Fast-food workers, union organizers and labor activists celebrated on the steps of City Hall after the historic vote with cake and ice cream provided by some local small businesses that joined in support of a plan that will phase in the $15 minimum over the next seven years.
“A year ago, $15 was just a number on fast-food picket signs. Today it’s become a reality for 100,000 Seattle workers,” said Sage Wilson, spokesman for Working Washington, a union-backed group that helped organize the first fast-food workers’ strike one year ago.
The speed with which the measure went from political slogan to economic reality surprised even advocates, whose campaign emphasized the high cost of living in Seattle and the low pay of even full-time minimum wage workers who currently earn about $19,300 a year.
“I think the fast-food walkouts tapped into the frustration and anger at seeing lives shut down because of low wages,” said Councilmember Nick Licata. ” We all see how much money is being concentrated in a few hands.”
Both mayoral candidates supported the idea during the 2013 campaign, and once elected, Mayor Ed Murray made it a priority second only to police reform; he stood in the back of council chambers as the vote was taken. A $15 minimum wage passed in SeaTac in November after both labor and business spent heavily fighting each other on the measure.
The election of socialist City Councilmember Kshama Sawant in November provided pressure from the left. Her organization, 15 Now, made raising the minimum wage a political rallying cry and convinced many business leaders to work for a compromise proposal on Murray’s Income Inequality Advisory Committee.
That committee of labor, business and nonprofit leaders agreed May 1 on a phased-in approach, after four months of tense and sometimes bitter negotiations that seemingly left none of the 24 members completely satisfied. Labor didn’t like the lengthy ramp up to get workers to $15 an hour; business objected to the phaseout of credit for benefits and tips, which they argued were part of their workers’ wages.
At the eleventh hour, Murray told a core group of negotiators to come up with a proposal or he would introduce to the City Council a measure much closer to the 15 Now plan.
The public also backed the higher minimum wage, putting pressure on politicians to adopt the compromise plan. Polling in January and May found strong support among likely Seattle voters for raising the minimum wage, with almost three-fourths — 74 percent — in May saying they supported the mayor’s phased-in plan to reach $15.
Some small-business and restaurant owners still question whether they’ll survive a 61 percent increase in the state’s minimum wage, already the highest in the country, even with a lengthy phase in. And during hearings before the City Council, local franchise owners complained that they were being caught in the net of activists seeking to get at the billions in profits of their corporate parents.
Ubah Aden, a Somali immigrant who works as a home health care aide, was at City Hall for the landmark vote.
“A lot of people thought, ‘Oh no, it’s not going to happen.’ It’s happening.” Aden, who makes $10.95 an hour said, “It’s going to make a big change not only for myself, but for others in my shoes.”

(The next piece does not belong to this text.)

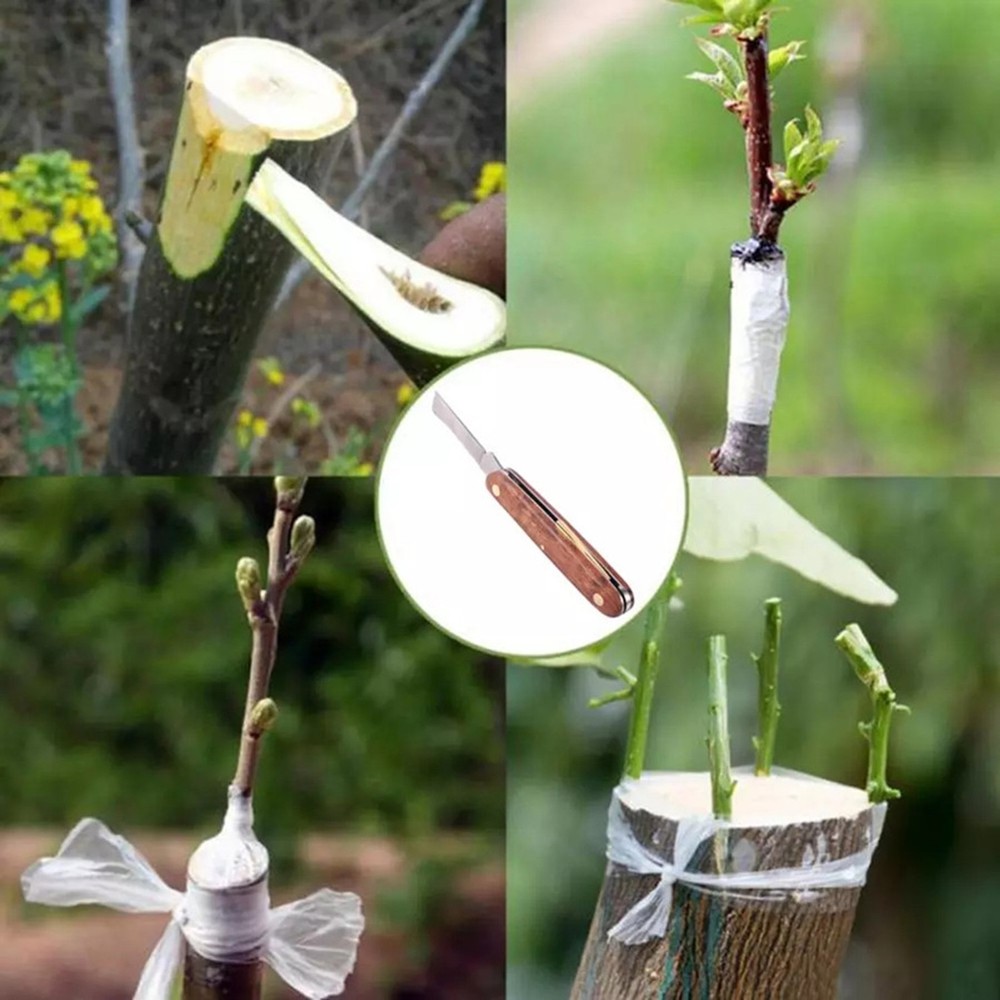 Gardening Tool Grafting Tool Wood Handle Budding Grafting Knife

The City Council did slightly modify the compromise agreement. Last week members added a training wage for teens and disabled workers and delayed the start date from January to April. But in large part, the plan held.

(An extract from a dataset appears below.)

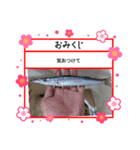 ㋚㋕㋤（個別スタンプ：23）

Both of those amendments were debated again Monday before the vote, and both narrowly passed. Worker advocates in the audience frequently interrupted council members with jeers and chants.

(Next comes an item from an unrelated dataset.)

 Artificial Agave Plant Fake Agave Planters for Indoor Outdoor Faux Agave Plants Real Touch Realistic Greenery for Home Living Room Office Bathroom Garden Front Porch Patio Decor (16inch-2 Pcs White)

Under the bill adopted Monday, every worker in the city will get at least a $1-an-hour raise April 1, the start date set by the council. Employees of businesses with more than 500 workers will start at $11 and reach $15 in 2018. Large businesses that provide health care will have an additional year, and those with fewer than 500 employees will be required to pay $15 in 2019. Small businesses that claim a credit for tips and benefits, will reach $15 an hour in 2021.
By 2025, according to city projections, all workers will be earning a minimum wage of $18.13 an hour, nearly double the state’s current $9.32 an hour.